The authors should reconcile these discrepancies by saying whether one non-progressor was excluded from analysis and provide justification for that,

or correcting the Methods to state that 272 participants were enrolled in the study. They should revise the Figure 1 caption and all text referencing total sample size as needed to report consistent values throughout manuscript. The numbers in Figure 4B should be corrected to match the right number of participants in each class. I also recommend that the authors verify their confusion matrix, specificity, PPV, and NPV calculations.

·      Statistical power and minority class inadequacy With only 11 progressors (6 used in training) in the dataset and 75 gene features, there is an important risk of overfitting: it is quite likely that the ML models "memorized" these specific individuals rather than learned generalizable patterns, leading to inflated performance estimates. There may be inadequate statistical power to reliably detect true differences between signatures, combinations and models. Biomarker validation studies typically require substantially larger event numbers for reliable performance estimation. No evidence of nested cross-validation during training, regularization strategies, dimensionality reduction prior to modeling, or assessment of signature stability through repeated random splits is provided.

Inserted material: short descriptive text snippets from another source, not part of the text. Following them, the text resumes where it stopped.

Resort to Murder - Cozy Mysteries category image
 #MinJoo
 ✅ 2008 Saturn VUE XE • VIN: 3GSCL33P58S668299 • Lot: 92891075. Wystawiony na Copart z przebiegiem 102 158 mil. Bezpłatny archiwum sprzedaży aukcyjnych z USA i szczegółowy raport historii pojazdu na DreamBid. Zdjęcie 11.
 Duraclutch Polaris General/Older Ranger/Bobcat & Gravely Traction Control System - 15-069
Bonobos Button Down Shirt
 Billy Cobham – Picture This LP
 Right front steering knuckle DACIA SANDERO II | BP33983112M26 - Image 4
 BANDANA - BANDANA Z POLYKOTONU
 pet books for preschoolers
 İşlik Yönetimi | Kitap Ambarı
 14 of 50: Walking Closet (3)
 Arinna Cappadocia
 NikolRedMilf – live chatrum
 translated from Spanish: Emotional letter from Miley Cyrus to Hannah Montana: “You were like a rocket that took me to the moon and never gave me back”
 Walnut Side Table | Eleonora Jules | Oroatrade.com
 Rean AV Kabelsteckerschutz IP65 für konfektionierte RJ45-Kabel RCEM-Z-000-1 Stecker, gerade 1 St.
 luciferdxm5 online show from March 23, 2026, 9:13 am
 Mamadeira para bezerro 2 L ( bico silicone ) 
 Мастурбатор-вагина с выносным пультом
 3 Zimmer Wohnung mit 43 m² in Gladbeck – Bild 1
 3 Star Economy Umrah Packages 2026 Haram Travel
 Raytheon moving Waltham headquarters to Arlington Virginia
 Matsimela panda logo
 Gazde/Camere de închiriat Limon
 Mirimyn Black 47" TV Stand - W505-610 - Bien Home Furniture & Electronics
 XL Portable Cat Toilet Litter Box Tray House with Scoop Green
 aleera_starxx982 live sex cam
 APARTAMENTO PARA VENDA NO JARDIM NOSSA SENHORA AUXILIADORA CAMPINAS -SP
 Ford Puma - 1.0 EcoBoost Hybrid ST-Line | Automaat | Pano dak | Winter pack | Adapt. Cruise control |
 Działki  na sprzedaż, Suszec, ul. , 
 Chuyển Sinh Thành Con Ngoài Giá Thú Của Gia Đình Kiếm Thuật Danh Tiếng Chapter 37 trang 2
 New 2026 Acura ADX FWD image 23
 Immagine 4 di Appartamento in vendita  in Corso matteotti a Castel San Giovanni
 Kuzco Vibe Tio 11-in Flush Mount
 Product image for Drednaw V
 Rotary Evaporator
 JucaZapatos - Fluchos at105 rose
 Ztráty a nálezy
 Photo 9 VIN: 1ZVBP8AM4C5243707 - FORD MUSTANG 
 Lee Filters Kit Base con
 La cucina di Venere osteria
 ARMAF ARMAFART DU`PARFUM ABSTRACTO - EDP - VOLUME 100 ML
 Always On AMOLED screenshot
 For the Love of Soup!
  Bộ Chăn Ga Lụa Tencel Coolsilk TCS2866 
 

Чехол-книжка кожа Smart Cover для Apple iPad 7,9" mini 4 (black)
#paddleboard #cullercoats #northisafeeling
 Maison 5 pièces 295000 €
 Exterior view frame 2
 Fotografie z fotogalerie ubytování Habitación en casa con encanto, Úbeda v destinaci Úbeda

The authors should more directly acknowledge these limitations due to the small number of positive cases. If 11 progressors is sufficient to confidently support the conclusions in this work, please provide evidence of this. Also consider reporting bootstrap confidence intervals for sensitivity and specificity in Tables 3 and 4 in order to better reflect the true uncertainty in their estimates given the minority class size. For comparisons between signatures, report whether confidence intervals overlap and explicitly state when differences are not statistically distinguishable.

Minor Comments

·      Extensive multiple testing. In this study, the authors tested 15 published signatures, multiple h2o-derived signatures, and multiple two-signature combinations without any correction for multiple testing. They should either apply appropriate correction (e.g., False Discovery Rate) and report adjusted p-values or explicitly recognize this limitation by saying “We did not correct for multiple testing when comparing signatures and combinations, which increases the possibility that some apparent performance differences may be due to chance” or something similar.

·      PLAGE scoring portability considerations. PLAGE scoring requires principal component weights derived from the original cohort's covariation patterns, which adds an additional population-dependent parameter compared to GSVA, which only requires a threshold. The clinical significance of this theoretical difference is uncertain. The authors should consider disclosing this and noting that PLAGE-scored signature combinations may not be as portable to new clinical settings as GSVA-scored combinations.

Competing interests

The author declares that they have no competing interests.

Use of Artificial Intelligence (AI)

The author declares that they did not use generative AI to come up with new ideas for their review.